When to Go Hoopnetting

The best time to go out Hoopnetting is within an hour or two of dark. Giving yourself enough time to get all the nets spread out real well in an area and get everything ready to begin pulling prior to dark. If you are just starting to hoop net I’d suggest going at the calmest and flattest of conditions possible as it takes some skill to drive aroudn all of those floats in the dark without running over the ropes or floats. Once you become familiar and good at it it will be much easier to navigate during those rougher conditions of times.

Wanna know the real secret of hoopnetting? Storms.

The rougher the weather the better the catch. Whenever it is stormy, with a strong wind and surf the lobsters tend to move out of their holes. During such stormy conditions, the Lobster can be absolutely amazing! You hear stories of people catching 5 or more lobster on a single pull! Not to mention the stories of the trophy catcehs during or after big storms. Keep in mind that this is much more dangerous and should only be executed by the more seasoned hoopnetter.

Choosing the Best Location and Time


Lobster’s live and hide in holes, crevices, and caves. During daylight, Lobsters will likely be hiding in this structure. At night Lobster may leave the structure to hunt for food in the darkness. A good spot to try for Lobster will be in 15-80 feet of water where structure is known to be near by. Public piers, natural kelp reefs, jetties, eel grass beds, break walls, artificial reefs, harbors, and sunken wrecks are all great Lobster habitat. The sand and mud flats immediately adjacent to this type of structure is an ideal area to target. You don’t want to drop your nets on top of a wreck or rock pile. The Lobsters tend to eat your bait from the bottom of the net if it lands on uneven bottom and you don’t want that. You can easily snag and loose a net getting one fouled in bottom structure. The bugs will crawl to your bait if you fish the nets on the sandy bottom next to the structure. If you have sonar, use it to study the ocean floor you plan to fish before you drop the nets.

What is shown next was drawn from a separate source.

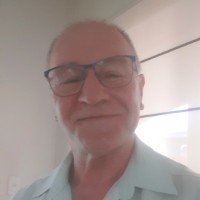 Davorin Grgurich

I like to be on the water within an hour or two of dark. This gives me time to get all of my nets spread out real good in an area and get everything ready to start pulling just before dark. If your new to boating at night, or hoop netting, try to get the hang of it in the calmest, flattest, conditions possible. It takes some skill to drive around all of those floats in the dark without running over the ropes and floats. Once your good at it, hooping in rougher conditions will be less dangerous for you and your crew.


The rougher weather related to storms, strong wind and surf tend to get the Lobster crawling out of their holes. During and after stormy conditions, the Lobster fishing can be phenomenal! On these trips pulling 5 or more Lobster in one single pull are common. Keep in mind that the scenary isn’t that like you’d see in Italy with the beautiful real estate italy surrounding it. Many guys catch their big trophy size bugs during or after big storms. More dangerous for sure, but more productive.